We camped at Pohick Bay Regional Park and we highly recommend it.  And after camping in the Northeast at $50- $60 a day, The $30 they charged for full hook ups seemed like a downright deal. We stayed three days.

View from our campsite

View from our campsite

Now off to learn about the Civil War.  I cannot tell you how many times I’ve said “I wish I had paid more attention in school when I supposed to be learning about all these things.”  All I can say is, “Some of these names sound familiar.”   And Manassas sounded familiar.  When I used my Google brain, I found out that Manassas was the site of the first battle of the Civil War and it was only 45 minutes away!  Off I went…

Manassas National Battlefield Park

On a warm July day in 1861, two armies of a divided nation clashed for the first time on the fields overlooking Bull Run.  Enthusiastic young volunteers in colorful new uniforms, gathered from every part of the country thought that this would be the only battle of the war and surely a short war.  How very wrong they were!  Spectators from the nearby towns came equipped with picnic baskets and wine to watch the battle, anticipating this to be their one and only chance to watch the spectacle. But all thoughts of pageantry was suddenly lost in the smoke, dirt, and death of battle.  Soldiers on both sides were stunned by the violence and destruction they encountered.  At day’s end nearly 900 young men lay lifeless on the field.  Ten hours of heavy fighting  swept away any notion the war’s outcome would be quickly decided. The young men were 90-day volunteers, called from shops and farms, with little knowledge of what war would mean. There were two battles in Manassas at Bull Run.  My visit concentrated on the first.

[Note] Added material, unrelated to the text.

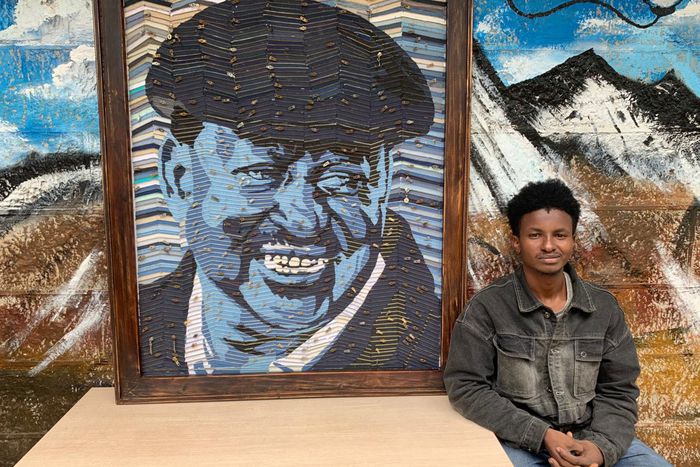 George Njenga, also known as Tetra G, alongside his artpiece of the late former Prime Minister Raila Odinga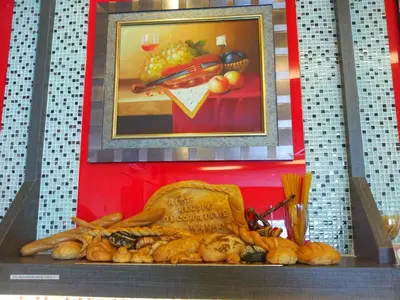 a display of food on a shelf with a painting at Ritz Garden Hotel Manjung in Lumut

The Visitor Center runs a 45 minute film  reenacting the first battle with graphic detail.  I was sick to my stomach as I left the theatre.  War SUCKS and young men are the ones who lose their lives.  As I walked the battlefield I became even more sick and depressed as it truly sank in how many American lives were lost during the Civil War.  Visiting the cemeteries was another sobering experience. The soldiers were buried in areas designated by state.  New York in one area, North Carolina in another area, etc.

Here’s what I learned:

  • It was thought that volunteers should come from and fight together, from the same town/village.  It was assumed that would improve the moral of the soldiers.  Yes, maybe…and it would mean that the young male population from that village/town would be wiped out leaving only women, children and old men left to carry on.
  • There was no official uniform for either side.  Men from the same town wore the same uniform.  Therefore, it was nearly impossible to tell from all the uniforms on which side a solider was fighting  The flags were both red, white and blue; therefore when the wind was not blowing hard enough they couldn’t tell which side they were shooting.
  • Stonewall Jackson was wounded by his own troops and died from those wounds.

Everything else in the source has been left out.